Chute historique des embauches de cadres cette année
L'Apec attend de 170.000 à 200.000 recrutements de cadres cette année, soit une baisse de 30 % à 40 % par rapport à 2019, année durant laquelle un record avait été battu. Les difficultés d'embauche pour certains postes n'ont pas disparu pour autant.
Par Alain Ruello
C'est pire que lors de toutes les crises de ces trente dernières années. Les embauches de cadres vont baisser de 30 % à 40 % cette année et plus probablement dans la fourchette haute, selon les prévisions actualisées de l'Association pour l'emploi des cadres (Apec), publiées ce jeudi matin.

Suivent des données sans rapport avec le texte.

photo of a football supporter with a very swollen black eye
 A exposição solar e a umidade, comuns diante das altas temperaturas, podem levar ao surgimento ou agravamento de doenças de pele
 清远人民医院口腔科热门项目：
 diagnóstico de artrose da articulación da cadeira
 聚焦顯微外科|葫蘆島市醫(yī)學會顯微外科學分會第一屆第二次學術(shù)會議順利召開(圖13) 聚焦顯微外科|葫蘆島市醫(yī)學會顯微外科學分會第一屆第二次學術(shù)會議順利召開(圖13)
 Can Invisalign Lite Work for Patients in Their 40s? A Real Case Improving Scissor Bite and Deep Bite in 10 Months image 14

Il ne devrait y avoir qu'entre 170.000 et 200.000 recrutements, contre les 297.000 attendus avant le coronavirus ( 16.000 de plus que le niveau record atteint en 2019) . Ces prévisions sont le fruit de ce qui a été constaté sur les trois premiers trimestres et ce qui est attendu sur le dernier. « A ce niveau, on revient à ce qui a été observé à la fin des années quatre-vingt-dix », constate, amer, le directeur général de l'Apec, Gilles Gateau.
Nommé en avril, en pleine tempête, ce dernier n'a pu que constater les dégâts de la crise qui a renvoyé aux calendes grecques l'objectif d'atteindre la barre des 300.000 embauches annuelles. L'ampleur du choc apparaît encore plus forte quand on le compare aux principaux trous d'air précédents : -10 % en 2013, année de la crise de la dette ; -28 % en 2009 lors de la crise financière ; -25 % sur les deux années 2002 et 2003 après l'éclatement de la bulle Internet ; -44 % à cause de la première guerre du Golfe mais sur les quatre exercices suivants.
Pénurie de main-d'oeuvre
« On va battre un record de baisse, c'est certain », abonde Gilles Gateau, sans pour autant remettre en cause la demande structurelle de cadres de l'économie, liée à la transformation du marché du Travail, estime-t-il. Rebond il y aura donc, reste à savoir quand.
En attendant, c'est en Ile-de-France que les cadres ont le plus de mal à trouver un travail, en grande partie du fait de la prépondérance de sièges sociaux, tandis que la situation est - un peu - moins sinistrée en Normandie ou en Centre-Val de Loire. La pénurie de recrutements ne remet en revanche pas en cause le podium des métiers les plus recherchés, puisque les services que l'Apec classe comme étant à forte valeur ajoutée (informatique, conseil, recherche…) restent les premiers pourvoyeurs d'emplois de cadres. Suivent ensuite l'industrie, la construction ou le commerce, mais loin derrière, crise oblige.
tensions de recrutement
De là à penser que les difficultés de recrutement de ces profils de salariés ont disparu, il y a un pas. « Ce serait une erreur que de croire que la baisse des embauches et donc la hausse du nombre de cadres disponibles ont fait disparaître le problème », affirme le DG de l'Apec. Ce pour au moins deux raisons. Primo, crise ou pas crise, certaines qualifications rares manquent toujours à l'appel. Et secundo, une entreprise à la recherche de la perle rare aura encore plus de mal à la débaucher ailleurs. La tendance très majoritaire est à la sécurité de l'emploi, même si nombre de cadres envisagent sérieusement de changer d'environnement ou de prendre les devants parce qu'ils craignent pour leur poste.
Cette non disparition des tensions de recrutement, 60 % des entreprises de services à forte valeur ajoutée qui vont embaucher au moins un cadre sur le quatrième trimestre l'anticipent. Dans la construction et l'industrie, les pourcentages grimpent à 66 % et 70 % respectivement. Conscient du problème, le gouvernement a inscrit le sujet à l'ordre du jour de l'agenda social. Les partenaires sociaux doivent se mettre d'accord rapidement sur un nombre limité de branches professionnelles parmi les plus concernées à traiter en priorité .
À noter
Le nombre de cadres inscrits à Pôle emploi sans activité a augmenté de 17 % entre début janvier et fin août.